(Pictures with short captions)

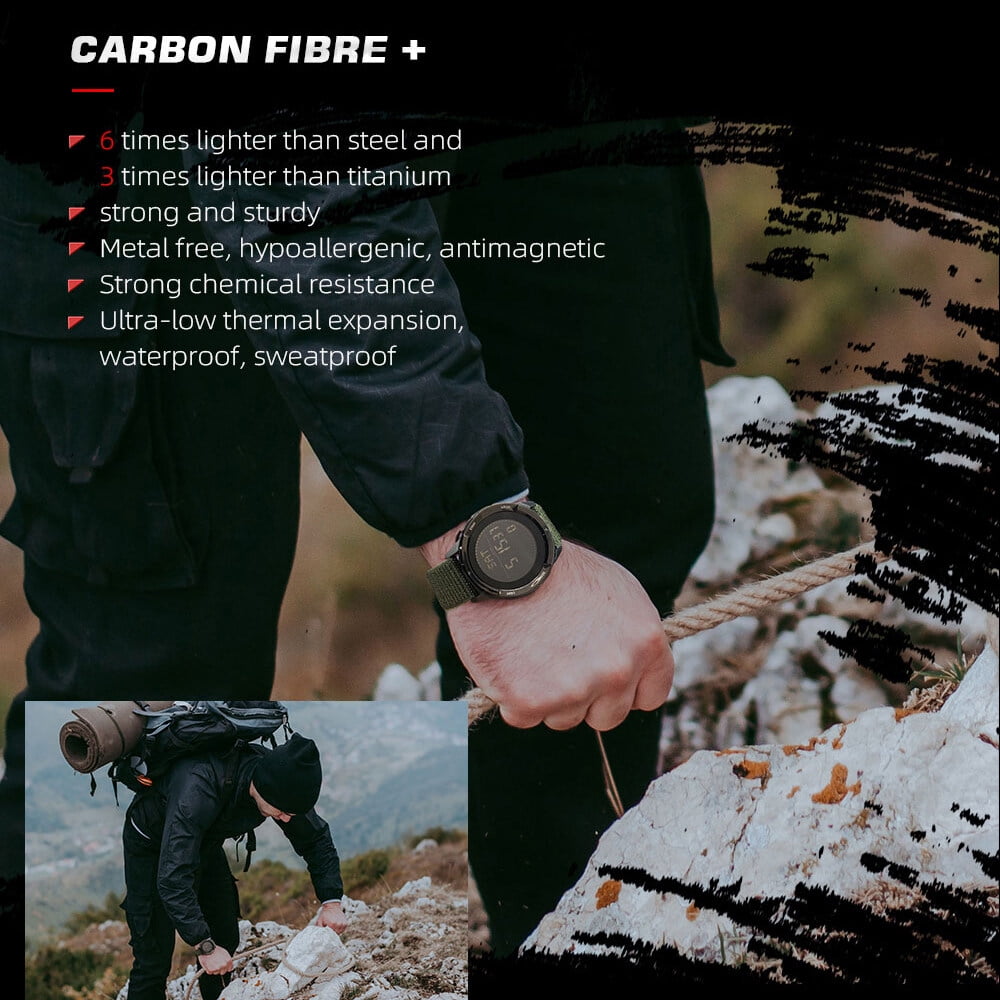 Digital Sports Smart Watch Ultra Thin Carbon Fiber Strap Waterproof Pedometer Function Outdoor GPS Watch
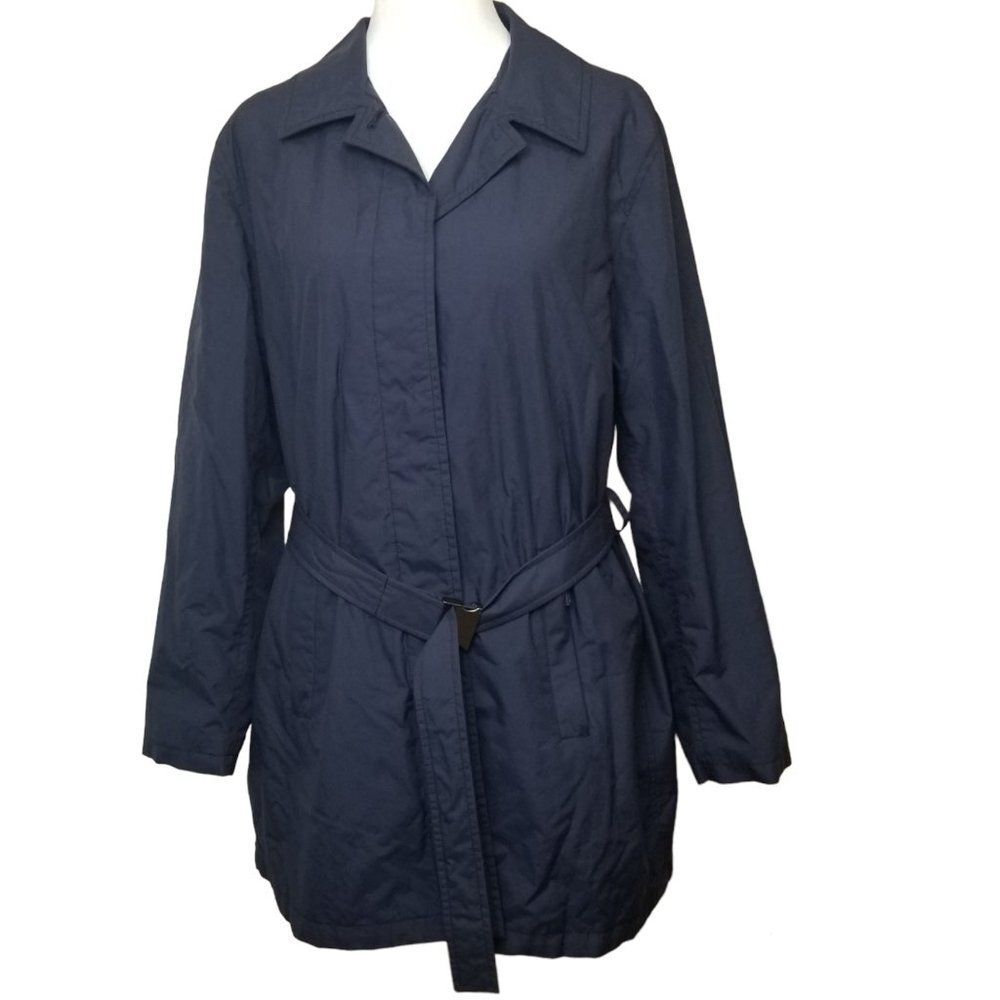 L.L.Bean Women's Medium Navy Belted Nylon Trench Jacket Coat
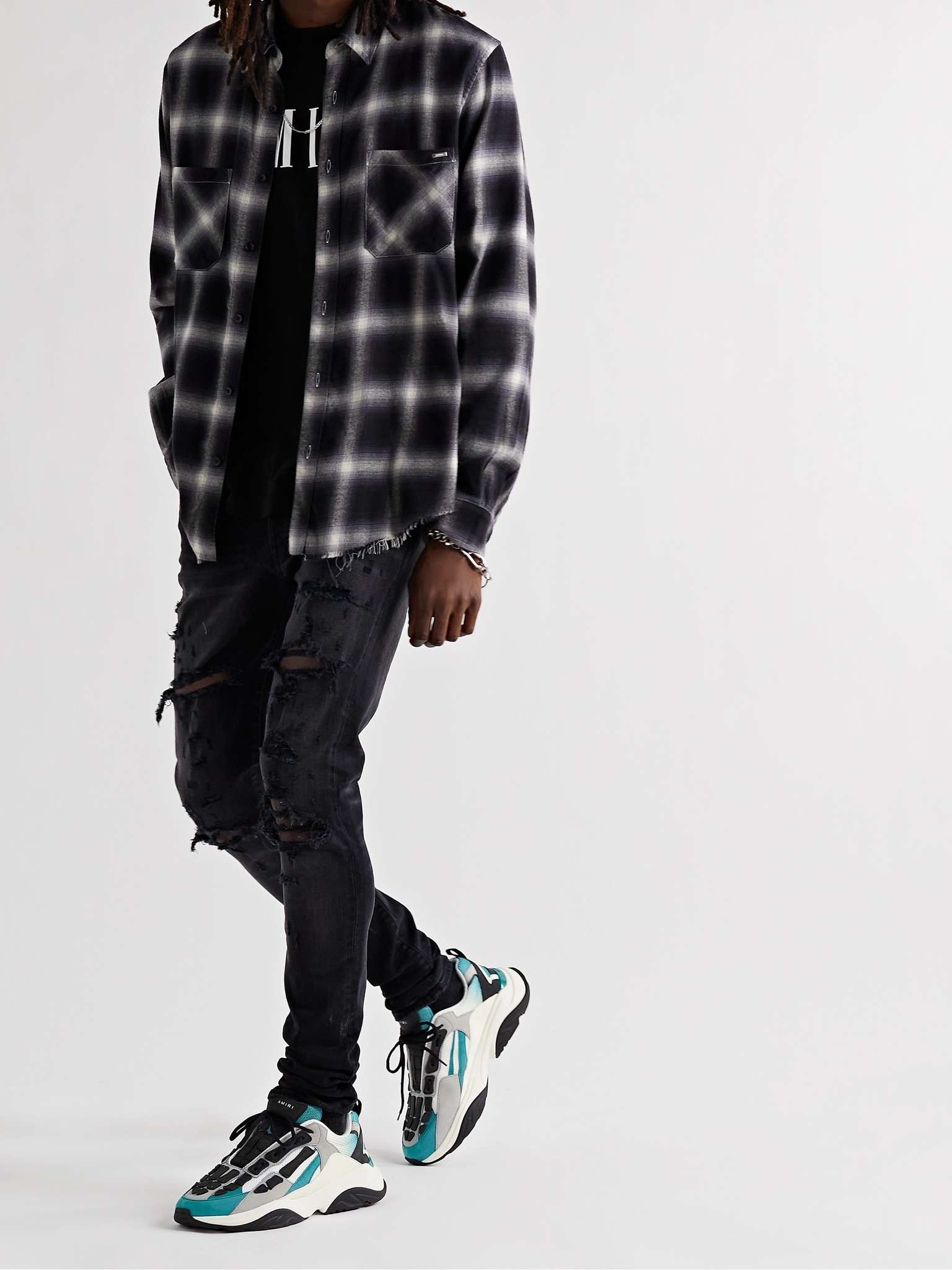 Bone Runner Nubuck-Trimmed Mesh Sneakers - 3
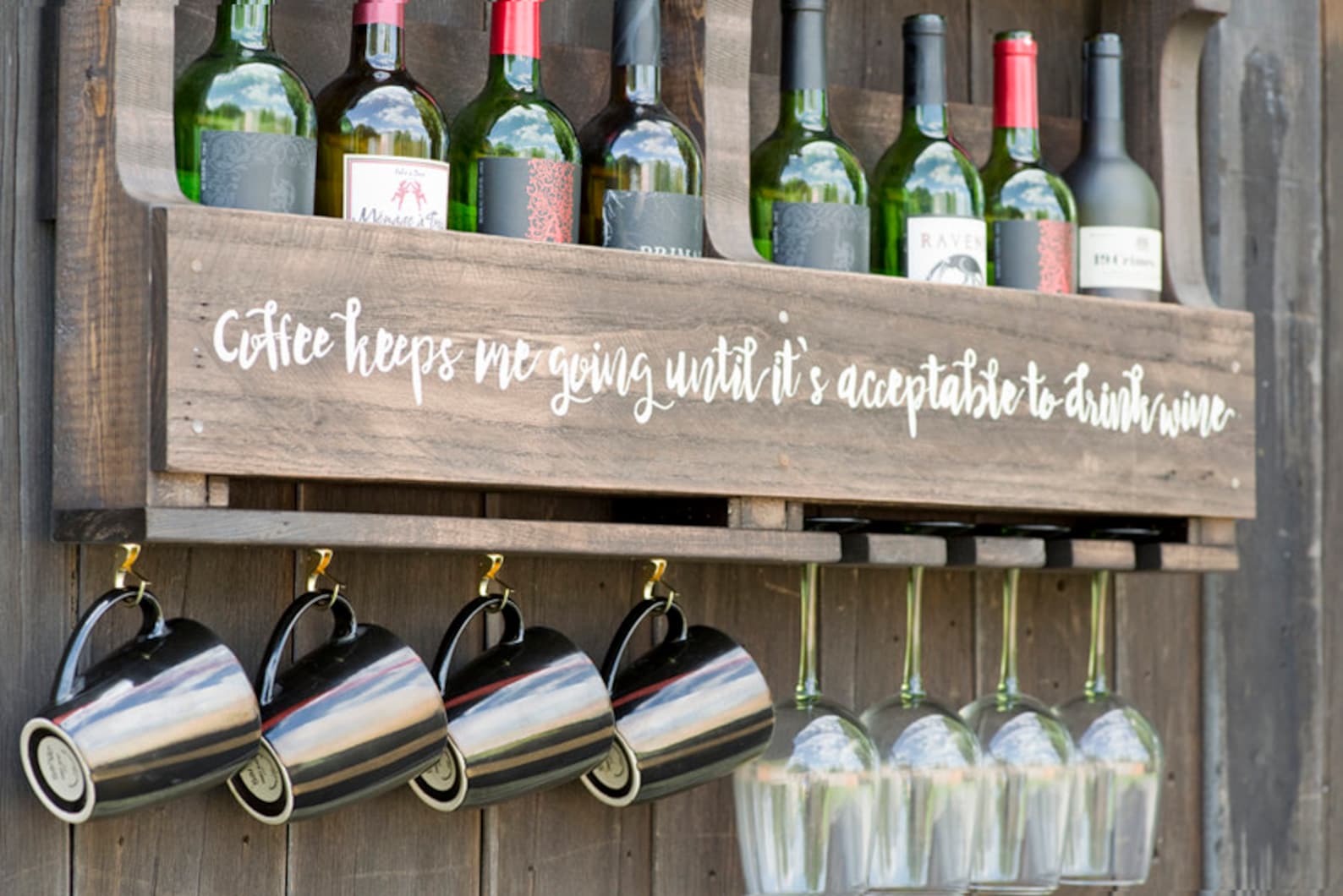 Personalized Gift Wedding Gift Wine Rack Gift Rustic Etsy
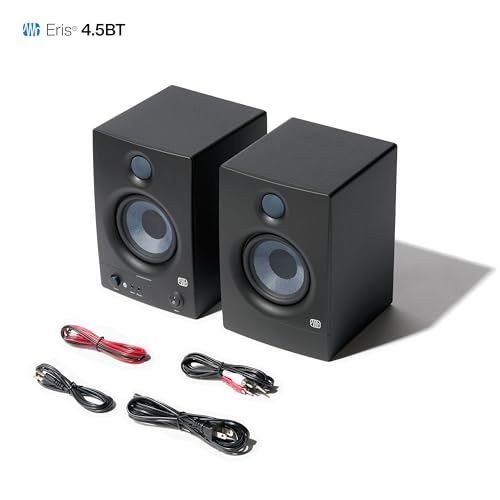 PreSonus Eris 4.5BT Bluetooth Studio Monitors, Pair — 4.5" Inch Powered Bookshelf Speakers, Stereo, Desktop Computer, Near Field Music Production, Audio Mixing Recording | 4.5 Inch Powered Bookshelf Speakers, Stereo, Desktop Computer, Near Field Music Pro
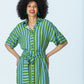 Hollis blue green stripe shirt dress, front view with hands on hips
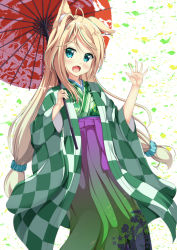 Rule 34 | 1girl, :d, animal ears, blue eyes, blue hair, blue scrunchie, blush, closed eyes, commentary request, fang, fox ears, fox girl, gradient hakama, green hakama, green kimono, hair ornament, hair scrunchie, hakama, hakama skirt, hand up, highres, holding, holding umbrella, japanese clothes, kimono, long hair, long sleeves, looking at viewer, low-tied long hair, low twintails, multicolored clothes, multicolored hair, oil-paper umbrella, open mouth, original, print hakama, print kimono, print umbrella, purple hakama, red umbrella, scrunchie, sidelocks, skirt, smile, solo, streaked hair, tsuyukina fuzuki, twintails, umbrella, very long hair, white background, wide sleeves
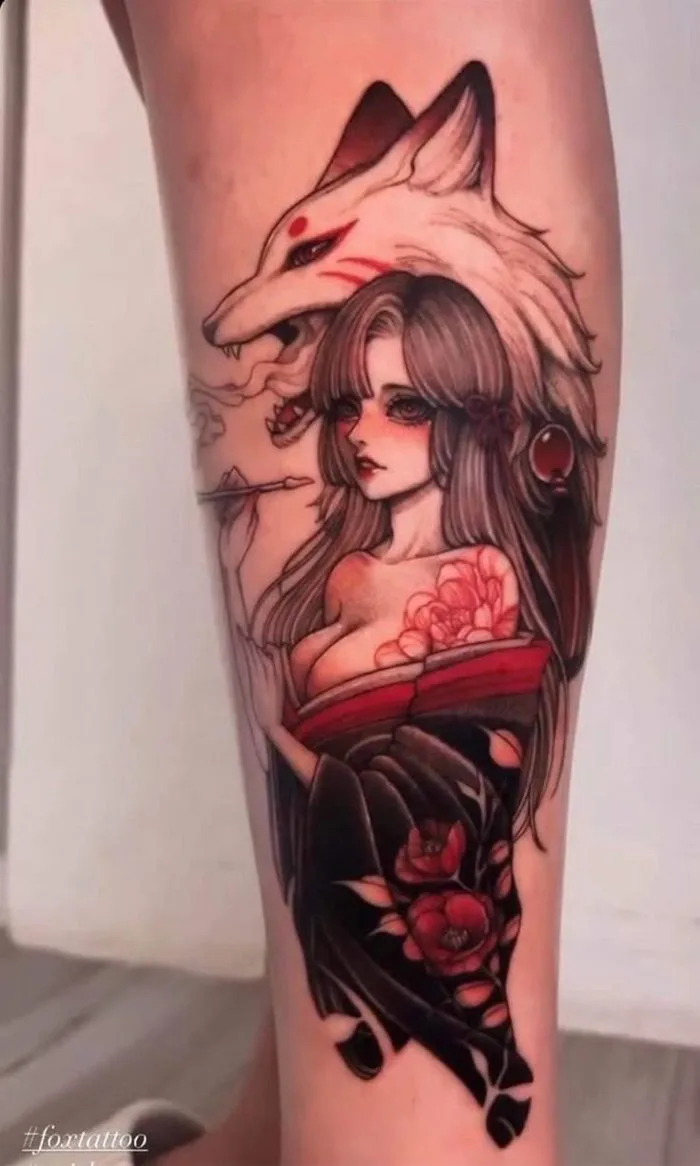 Hình xăm ngầu cho nữ | Hình xăm cô gái nhật, Tattoo hồ ly, Xăm nghệ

(TASK ITEM):
Only the lines from the one with "Hollis blue green" through the final line of the data should be written out, exactly and including both ends. Skip the pictures.

(COMPLETED EXERCISE):
 Hollis blue green stripe shirt dress, front view with hands on hips
 Rule 34 | 1girl, :d, animal ears, blue eyes, blue hair, blue scrunchie, blush, closed eyes, commentary request, fang, fox ears, fox girl, gradient hakama, green hakama, green kimono, hair ornament, hair scrunchie, hakama, hakama skirt, hand up, highres, holding, holding umbrella, japanese clothes, kimono, long hair, long sleeves, looking at viewer, low-tied long hair, low twintails, multicolored clothes, multicolored hair, oil-paper umbrella, open mouth, original, print hakama, print kimono, print umbrella, purple hakama, red umbrella, scrunchie, sidelocks, skirt, smile, solo, streaked hair, tsuyukina fuzuki, twintails, umbrella, very long hair, white background, wide sleeves
 Hình xăm ngầu cho nữ | Hình xăm cô gái nhật, Tattoo hồ ly, Xăm nghệ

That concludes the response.